What is being asked:
Using the data below, reproduce exactly the lines from the line with "Bois de Moiré 海军蓝印花餐垫/餐巾套装" to the line with "Maternity summer dress", both included; pictures must be dropped.

Dataset entries:

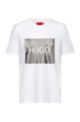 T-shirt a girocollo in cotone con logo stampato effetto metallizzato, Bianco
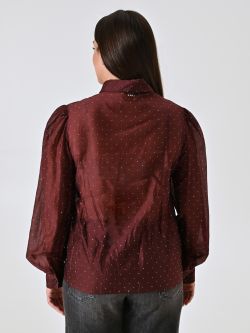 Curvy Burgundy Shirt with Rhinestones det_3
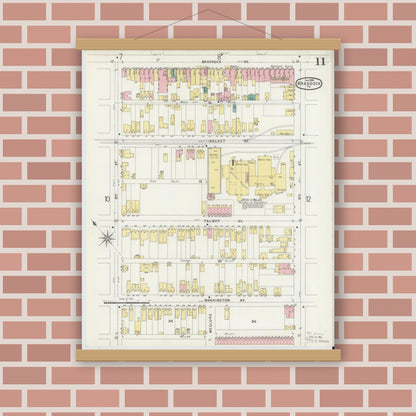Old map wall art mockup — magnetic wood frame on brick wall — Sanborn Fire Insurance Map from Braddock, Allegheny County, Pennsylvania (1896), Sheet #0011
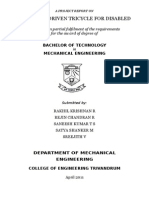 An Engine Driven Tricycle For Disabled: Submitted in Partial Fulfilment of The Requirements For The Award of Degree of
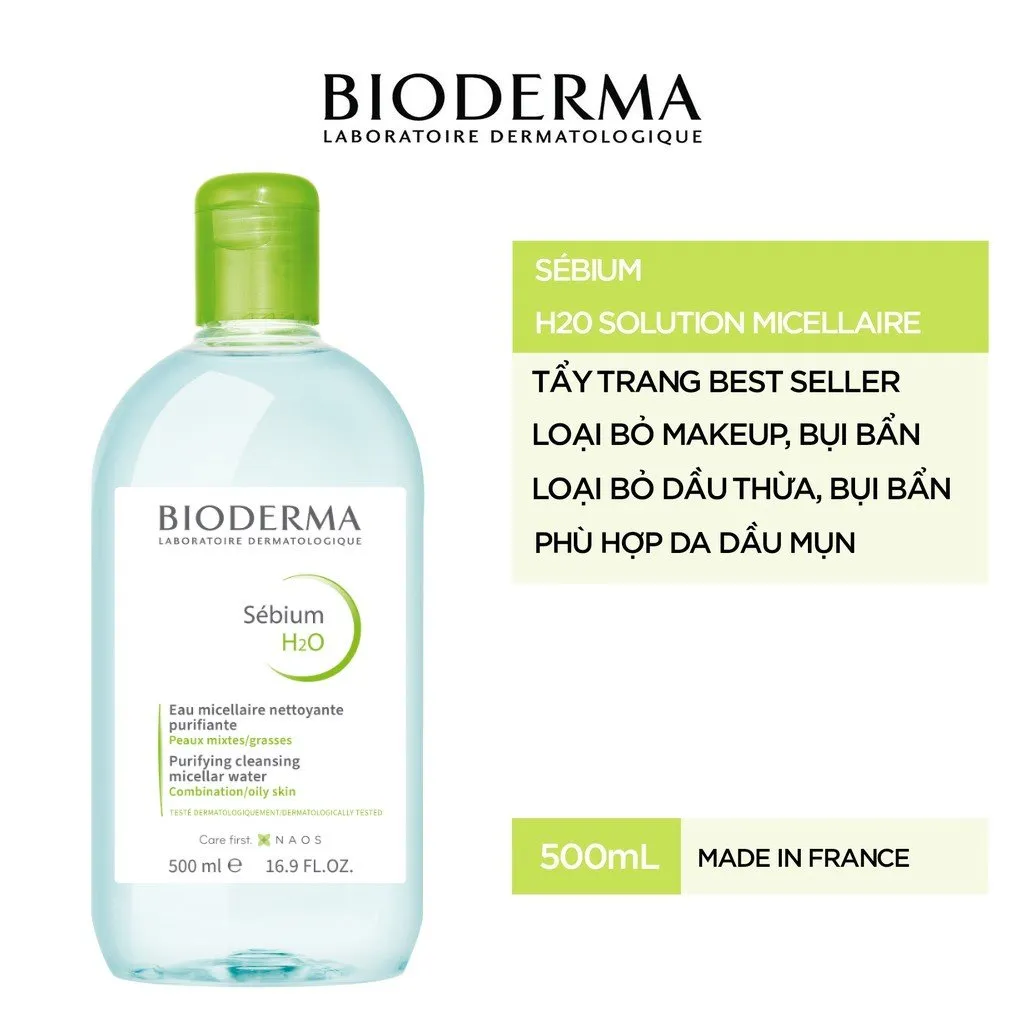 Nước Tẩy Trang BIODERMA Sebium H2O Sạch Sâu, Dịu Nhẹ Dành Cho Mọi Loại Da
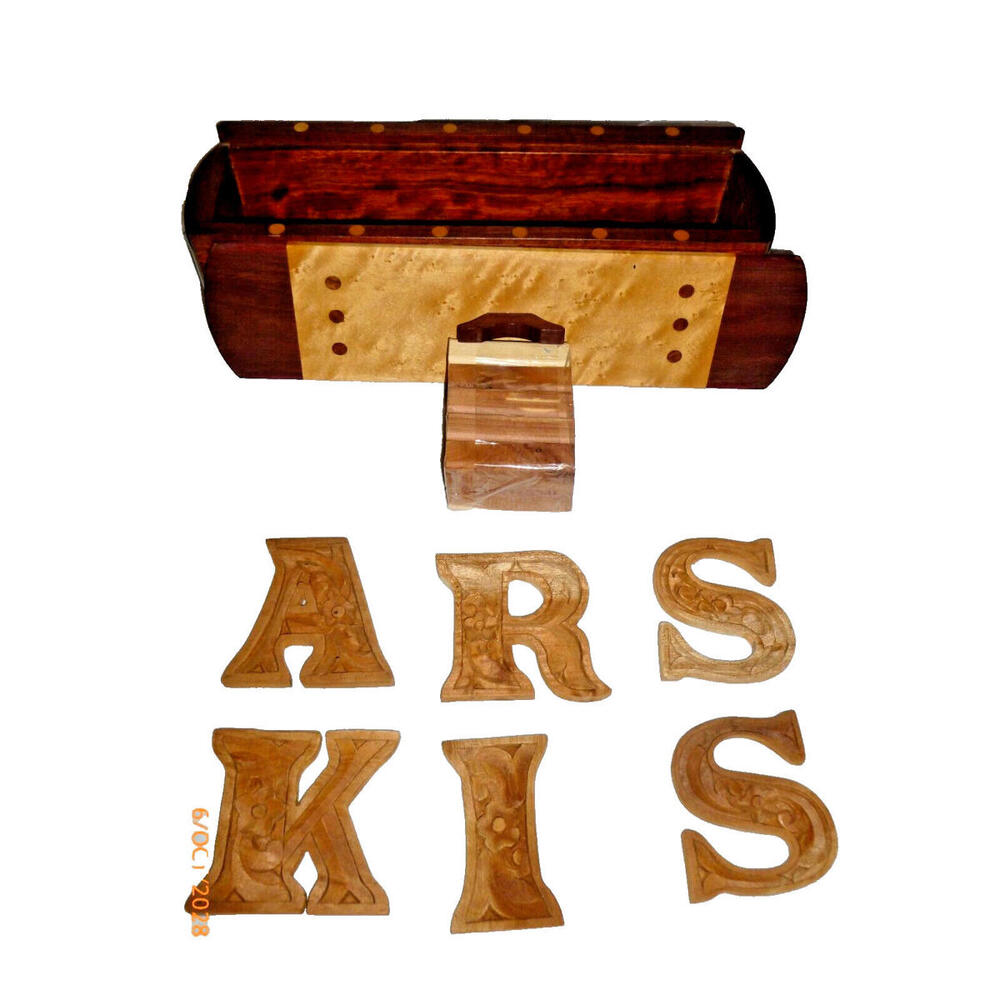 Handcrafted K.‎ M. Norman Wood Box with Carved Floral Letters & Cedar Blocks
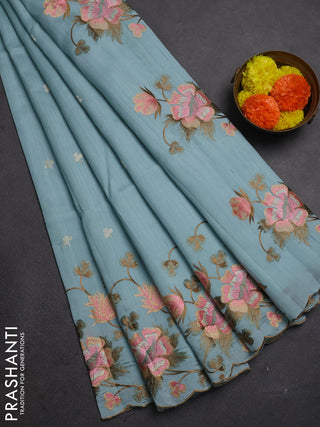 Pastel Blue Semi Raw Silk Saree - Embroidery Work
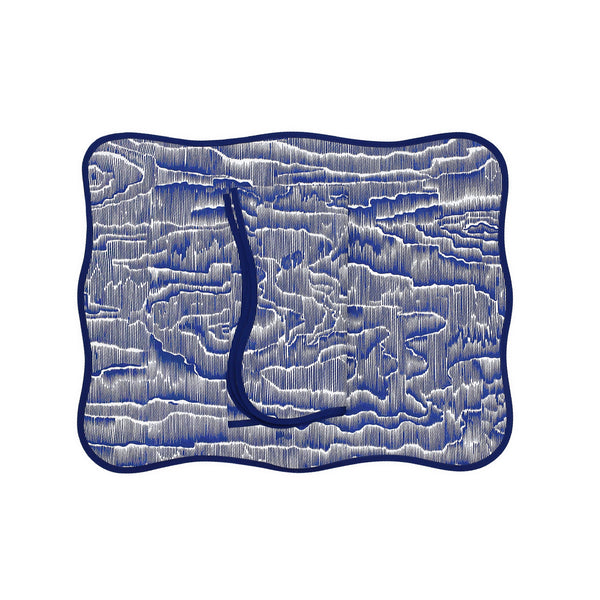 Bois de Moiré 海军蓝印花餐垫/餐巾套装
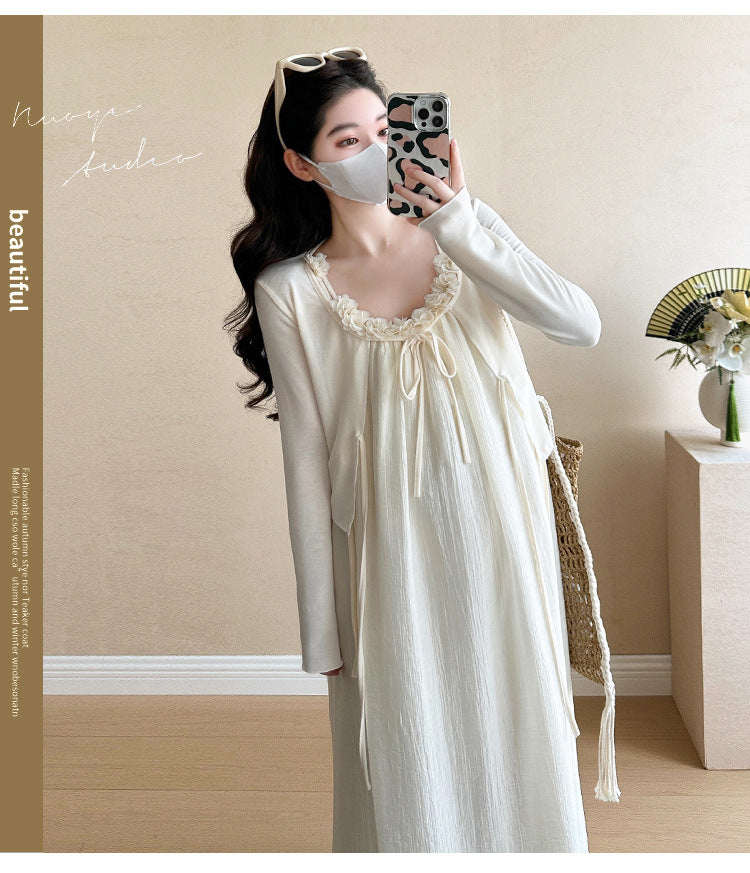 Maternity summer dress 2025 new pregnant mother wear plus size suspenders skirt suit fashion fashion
...
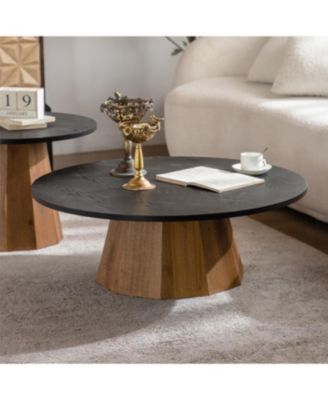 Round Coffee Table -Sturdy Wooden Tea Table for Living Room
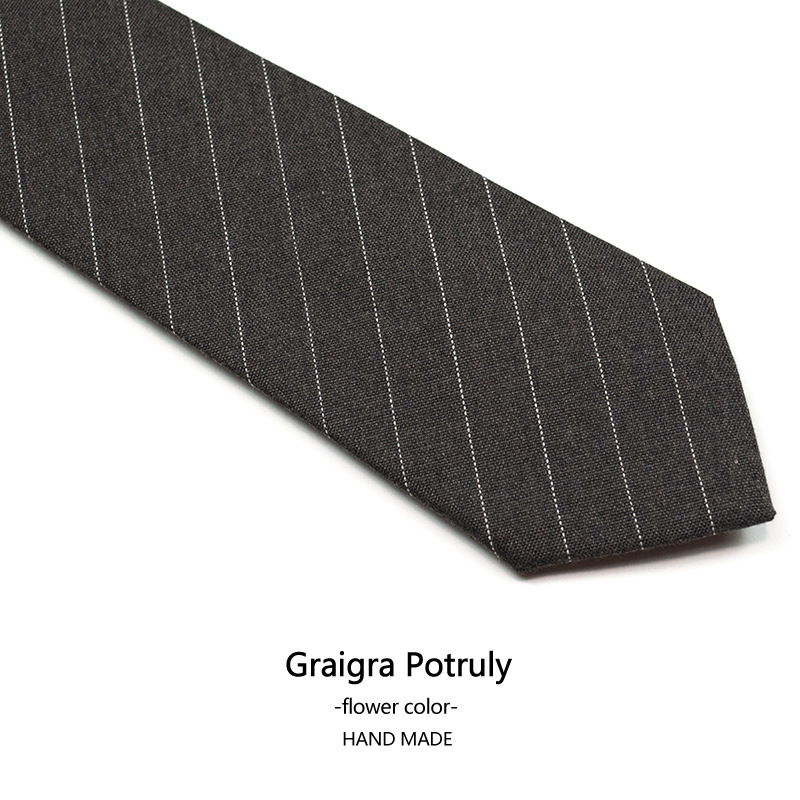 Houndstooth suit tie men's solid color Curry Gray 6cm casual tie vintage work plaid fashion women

Result of the task:
 Bois de Moiré 海军蓝印花餐垫/餐巾套装
 Maternity summer dress 2025 new pregnant mother wear plus size suspenders skirt suit fashion fashion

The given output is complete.